'You're Still Away'

By: Scott Perrault


"You're Still Away" by Robert Sullivan is a collection of short stories for golfers who seek, however briefly, to go inside the ropes and look beyond the mundane. You know: the "Tiger shot such and such" reports that populate our sports pages.

Having been around golf for 45 years and growing up looping at the local country club, I was immediately brought back to my youth by Sullivan's Chapter V, "Requiem for the Bag Toter." Sad to say, he rightly observes that the days of a young lad lugging a golf bag with the occasional word of advice from an older, wiser golfer are going the way of the dodo bird. That is, the caddie is pretty much becoming extinct.

As a young caddie, the most important lesson I learned was to have integrity and honor through golf. In the chapter written about former President Clinton, "Mulligans and Ms. Lewinsky: Why President Clinton's Golf Game Shouted Beware!" Sullivan propounds that golf is nothing without its sense of honor. He writes, "At the end of the long day, as you trudge to the 19th hole for requisite relief from the trials and travails of golf, there is reality to be confronted.
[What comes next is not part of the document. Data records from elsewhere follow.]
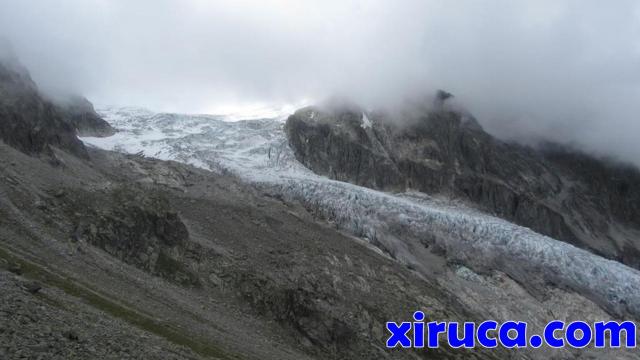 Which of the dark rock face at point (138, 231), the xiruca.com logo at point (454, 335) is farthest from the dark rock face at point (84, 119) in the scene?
the xiruca.com logo at point (454, 335)

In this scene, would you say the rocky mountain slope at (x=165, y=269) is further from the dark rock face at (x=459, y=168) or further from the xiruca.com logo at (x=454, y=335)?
the dark rock face at (x=459, y=168)

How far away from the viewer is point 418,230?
101m

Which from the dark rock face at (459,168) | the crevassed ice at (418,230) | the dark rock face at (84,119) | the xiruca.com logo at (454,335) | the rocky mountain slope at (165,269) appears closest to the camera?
the rocky mountain slope at (165,269)

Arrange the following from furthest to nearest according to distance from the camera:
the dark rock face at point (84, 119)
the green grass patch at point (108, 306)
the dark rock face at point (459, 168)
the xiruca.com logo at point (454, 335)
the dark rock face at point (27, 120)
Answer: the dark rock face at point (459, 168) → the dark rock face at point (84, 119) → the dark rock face at point (27, 120) → the xiruca.com logo at point (454, 335) → the green grass patch at point (108, 306)

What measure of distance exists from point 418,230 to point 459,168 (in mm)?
48548

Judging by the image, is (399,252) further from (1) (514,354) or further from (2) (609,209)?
(2) (609,209)

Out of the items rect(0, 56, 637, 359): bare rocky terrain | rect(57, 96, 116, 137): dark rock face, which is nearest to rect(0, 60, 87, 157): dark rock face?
rect(0, 56, 637, 359): bare rocky terrain

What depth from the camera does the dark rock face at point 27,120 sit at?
2544 inches

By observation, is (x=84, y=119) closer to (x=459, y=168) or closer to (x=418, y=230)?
(x=418, y=230)

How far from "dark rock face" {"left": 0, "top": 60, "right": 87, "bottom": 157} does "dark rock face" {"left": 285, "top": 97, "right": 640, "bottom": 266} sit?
58747 mm

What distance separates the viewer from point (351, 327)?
59281mm

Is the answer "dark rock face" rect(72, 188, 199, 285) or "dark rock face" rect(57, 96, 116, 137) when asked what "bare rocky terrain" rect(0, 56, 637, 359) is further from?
"dark rock face" rect(57, 96, 116, 137)

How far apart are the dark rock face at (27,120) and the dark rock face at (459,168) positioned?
58747 millimetres

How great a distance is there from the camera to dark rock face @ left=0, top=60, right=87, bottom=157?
64.6 metres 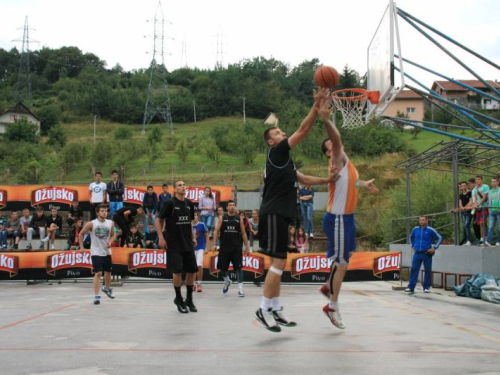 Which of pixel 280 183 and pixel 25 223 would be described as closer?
pixel 280 183

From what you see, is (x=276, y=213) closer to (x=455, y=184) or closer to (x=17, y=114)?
(x=455, y=184)

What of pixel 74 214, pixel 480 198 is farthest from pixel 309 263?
pixel 74 214

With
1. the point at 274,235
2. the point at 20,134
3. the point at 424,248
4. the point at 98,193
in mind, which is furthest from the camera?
the point at 20,134

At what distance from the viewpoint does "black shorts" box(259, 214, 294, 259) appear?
737 centimetres

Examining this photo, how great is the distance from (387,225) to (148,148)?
115 ft

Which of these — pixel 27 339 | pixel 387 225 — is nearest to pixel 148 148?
pixel 387 225

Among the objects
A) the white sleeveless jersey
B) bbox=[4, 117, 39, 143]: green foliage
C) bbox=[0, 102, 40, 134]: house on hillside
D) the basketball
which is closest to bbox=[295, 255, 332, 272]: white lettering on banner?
the white sleeveless jersey

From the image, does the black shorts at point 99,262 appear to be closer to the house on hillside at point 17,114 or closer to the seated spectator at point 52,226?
the seated spectator at point 52,226

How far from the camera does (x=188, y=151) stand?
59.6m

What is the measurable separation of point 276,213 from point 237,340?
1.56m

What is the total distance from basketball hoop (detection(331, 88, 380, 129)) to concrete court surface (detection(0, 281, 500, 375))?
17.7 feet

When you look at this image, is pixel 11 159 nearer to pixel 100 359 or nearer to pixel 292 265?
pixel 292 265

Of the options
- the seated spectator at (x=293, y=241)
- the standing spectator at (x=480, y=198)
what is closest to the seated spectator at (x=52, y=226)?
the seated spectator at (x=293, y=241)

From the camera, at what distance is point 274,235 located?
738cm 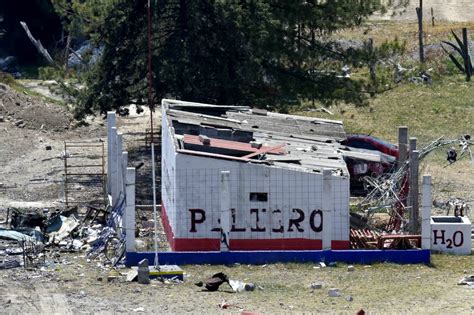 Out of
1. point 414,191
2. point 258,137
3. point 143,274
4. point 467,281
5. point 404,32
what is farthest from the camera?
point 404,32

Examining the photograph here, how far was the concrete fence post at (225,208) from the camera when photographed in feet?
81.1

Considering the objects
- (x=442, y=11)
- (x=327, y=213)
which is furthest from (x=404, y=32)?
(x=327, y=213)

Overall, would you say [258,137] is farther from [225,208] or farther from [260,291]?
[260,291]

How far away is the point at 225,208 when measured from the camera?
24906 millimetres

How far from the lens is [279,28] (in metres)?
37.9

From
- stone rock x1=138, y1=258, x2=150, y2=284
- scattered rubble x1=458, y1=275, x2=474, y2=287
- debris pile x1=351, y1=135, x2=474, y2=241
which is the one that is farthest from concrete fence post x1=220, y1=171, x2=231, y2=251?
scattered rubble x1=458, y1=275, x2=474, y2=287

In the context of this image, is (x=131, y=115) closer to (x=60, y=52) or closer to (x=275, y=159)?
(x=60, y=52)

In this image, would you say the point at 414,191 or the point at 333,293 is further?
the point at 414,191

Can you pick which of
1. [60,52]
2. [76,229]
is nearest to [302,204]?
[76,229]

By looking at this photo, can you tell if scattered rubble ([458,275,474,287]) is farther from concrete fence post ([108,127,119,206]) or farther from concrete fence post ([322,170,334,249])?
concrete fence post ([108,127,119,206])

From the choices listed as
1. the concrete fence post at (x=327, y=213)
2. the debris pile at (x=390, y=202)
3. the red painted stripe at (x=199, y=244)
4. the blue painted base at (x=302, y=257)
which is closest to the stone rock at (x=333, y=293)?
the blue painted base at (x=302, y=257)

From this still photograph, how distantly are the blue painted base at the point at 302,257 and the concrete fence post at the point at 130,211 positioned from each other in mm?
687

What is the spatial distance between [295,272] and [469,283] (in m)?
3.11

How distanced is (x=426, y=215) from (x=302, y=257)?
2.42m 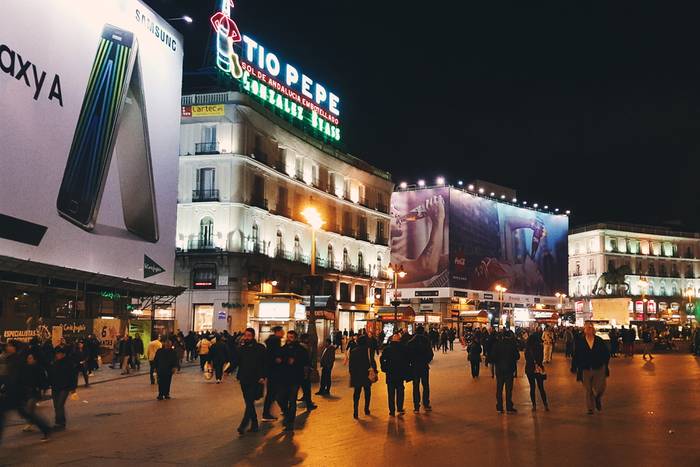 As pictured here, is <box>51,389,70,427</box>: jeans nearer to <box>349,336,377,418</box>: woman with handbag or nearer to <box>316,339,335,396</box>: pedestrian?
<box>349,336,377,418</box>: woman with handbag

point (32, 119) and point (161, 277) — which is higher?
point (32, 119)

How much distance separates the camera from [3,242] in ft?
75.0

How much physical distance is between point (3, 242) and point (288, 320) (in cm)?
1223

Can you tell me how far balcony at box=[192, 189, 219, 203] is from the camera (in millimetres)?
45938

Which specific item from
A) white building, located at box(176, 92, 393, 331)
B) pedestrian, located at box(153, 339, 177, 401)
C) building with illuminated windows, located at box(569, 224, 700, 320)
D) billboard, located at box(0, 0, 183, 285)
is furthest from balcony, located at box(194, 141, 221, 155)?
building with illuminated windows, located at box(569, 224, 700, 320)

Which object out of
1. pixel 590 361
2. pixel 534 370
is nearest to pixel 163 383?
pixel 534 370

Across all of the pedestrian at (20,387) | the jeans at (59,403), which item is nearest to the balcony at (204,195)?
the jeans at (59,403)

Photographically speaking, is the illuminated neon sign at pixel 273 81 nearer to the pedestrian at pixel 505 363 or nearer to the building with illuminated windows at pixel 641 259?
the pedestrian at pixel 505 363

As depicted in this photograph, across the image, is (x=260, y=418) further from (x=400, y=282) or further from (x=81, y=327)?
(x=400, y=282)

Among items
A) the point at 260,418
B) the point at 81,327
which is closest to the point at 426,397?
the point at 260,418

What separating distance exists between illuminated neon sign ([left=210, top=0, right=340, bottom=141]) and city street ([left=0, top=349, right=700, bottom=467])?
33136 millimetres

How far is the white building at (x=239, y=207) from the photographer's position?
45469mm

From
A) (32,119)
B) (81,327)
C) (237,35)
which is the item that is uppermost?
(237,35)

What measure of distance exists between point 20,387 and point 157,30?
2613cm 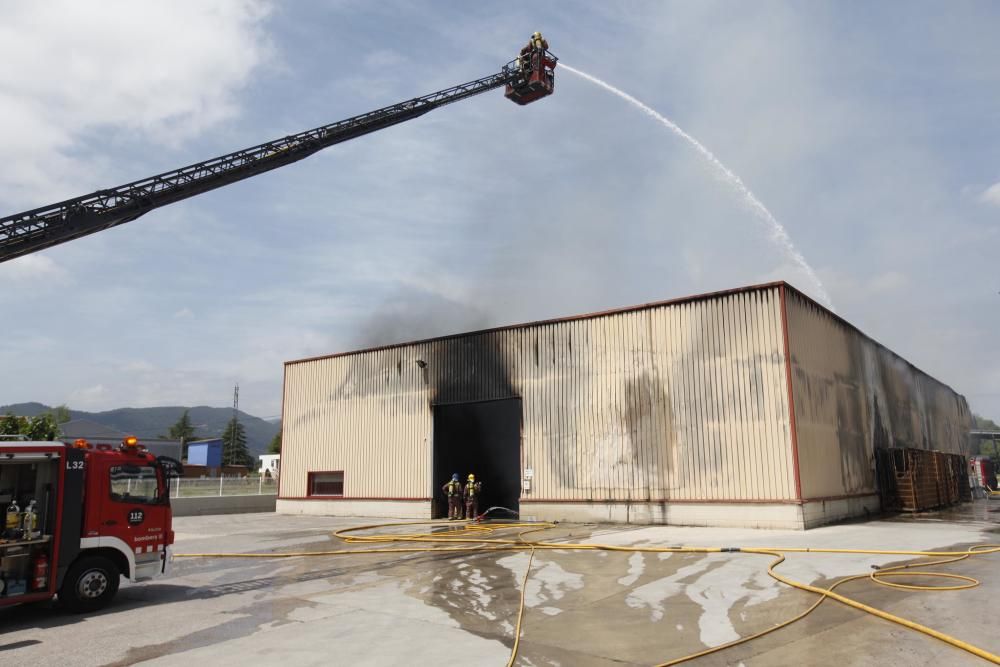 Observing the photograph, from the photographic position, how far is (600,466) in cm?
2231

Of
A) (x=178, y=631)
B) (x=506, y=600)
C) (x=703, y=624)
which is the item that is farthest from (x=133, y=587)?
(x=703, y=624)

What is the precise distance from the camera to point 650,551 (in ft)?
49.8

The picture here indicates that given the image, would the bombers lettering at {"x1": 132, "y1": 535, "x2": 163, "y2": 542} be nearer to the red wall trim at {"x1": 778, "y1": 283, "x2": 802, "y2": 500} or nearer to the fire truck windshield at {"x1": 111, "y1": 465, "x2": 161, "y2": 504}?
the fire truck windshield at {"x1": 111, "y1": 465, "x2": 161, "y2": 504}

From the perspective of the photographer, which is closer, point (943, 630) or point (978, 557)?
point (943, 630)

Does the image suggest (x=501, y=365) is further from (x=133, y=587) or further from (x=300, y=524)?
(x=133, y=587)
And - sorry - that reality says a golf shot is not a 'mulligan,' it's a golf shot. Count it, count 'em all. Similarly, an act that might cause the spouse to shy some crockery at your head: count that, too."

The subjects in other chapters flow nicely from celebrities - Clint Eastwood, Ernie Els and Emeril Lagasse - to more obscure topics like speed golf, blind golf and golf course architecture. Each of the 25 chapters is infused with a personal touch that allows us to get to know the principals involved. In sum, Sullivan's book of essays is an informative and fun read for any golfer.

Through Sullivan's golf journal you will be brought inside the ropes and perhaps back to your youth, like I was. You can't beat that.

"You're Still Away," by Robert Sullivan, Maple Street Press, $19.95 (hardback), 240 pages, ISBN 978-934186-04-6.

Scott Perrault was born and raised in Seattle and is a graduate of the Seattle Golf Club caddie program. A mid-handicapper who loves the game and expects too much of his mediocre swing, actually likes playing golf with Kathy, his high school sweetheart and wife of 32 years.